- **PROBLEM STATEMENT**
Would you transcribe only the lines below, from the one containing "CafePress Non-Slip Gaming" through the end of the material, exactly and with no pictures?

- **DATA SHOWN**
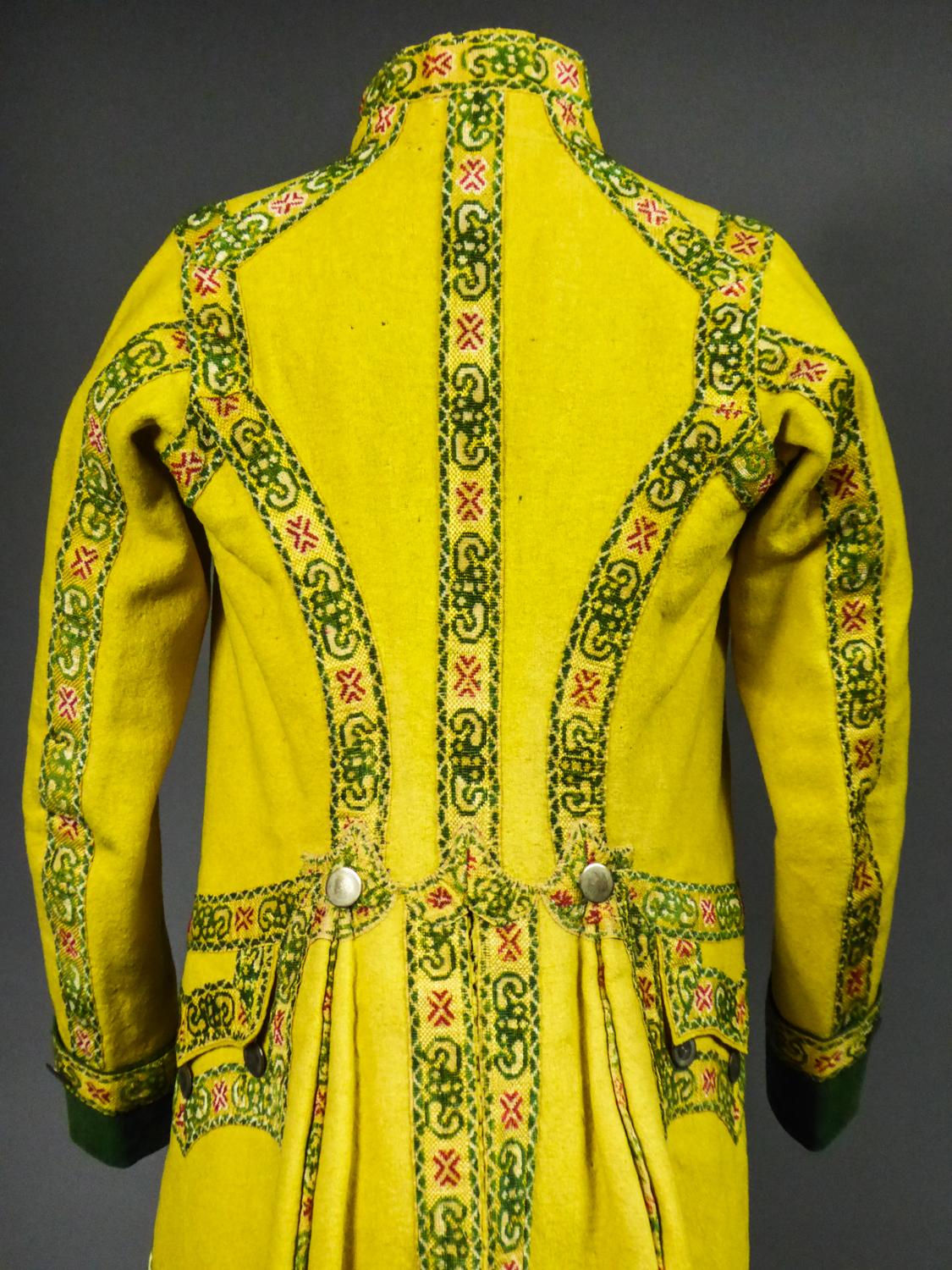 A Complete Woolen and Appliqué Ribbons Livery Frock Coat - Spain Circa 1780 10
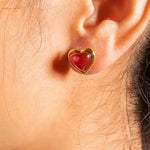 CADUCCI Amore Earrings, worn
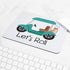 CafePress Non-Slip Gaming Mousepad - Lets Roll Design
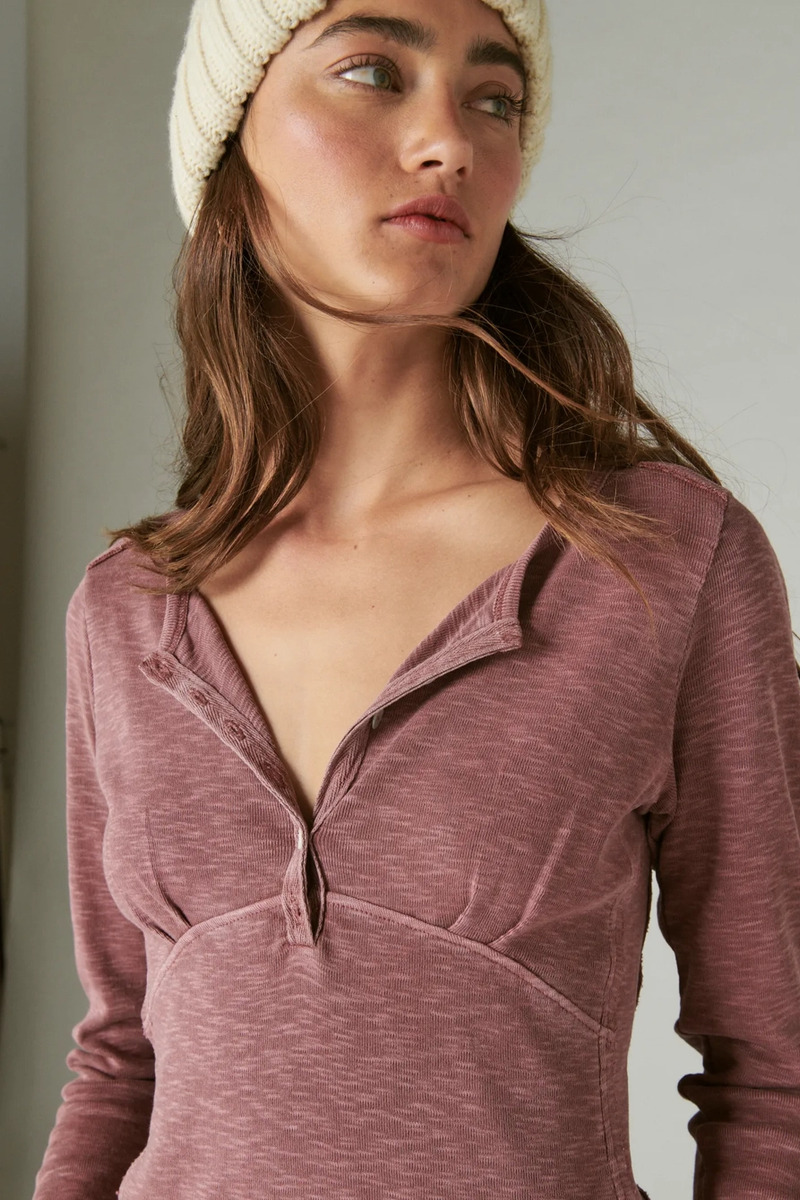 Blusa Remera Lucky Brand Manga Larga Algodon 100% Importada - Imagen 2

- **RESULT OF THIS EXERCISE**
 CafePress Non-Slip Gaming Mousepad - Lets Roll Design
 Blusa Remera Lucky Brand Manga Larga Algodon 100% Importada - Imagen 2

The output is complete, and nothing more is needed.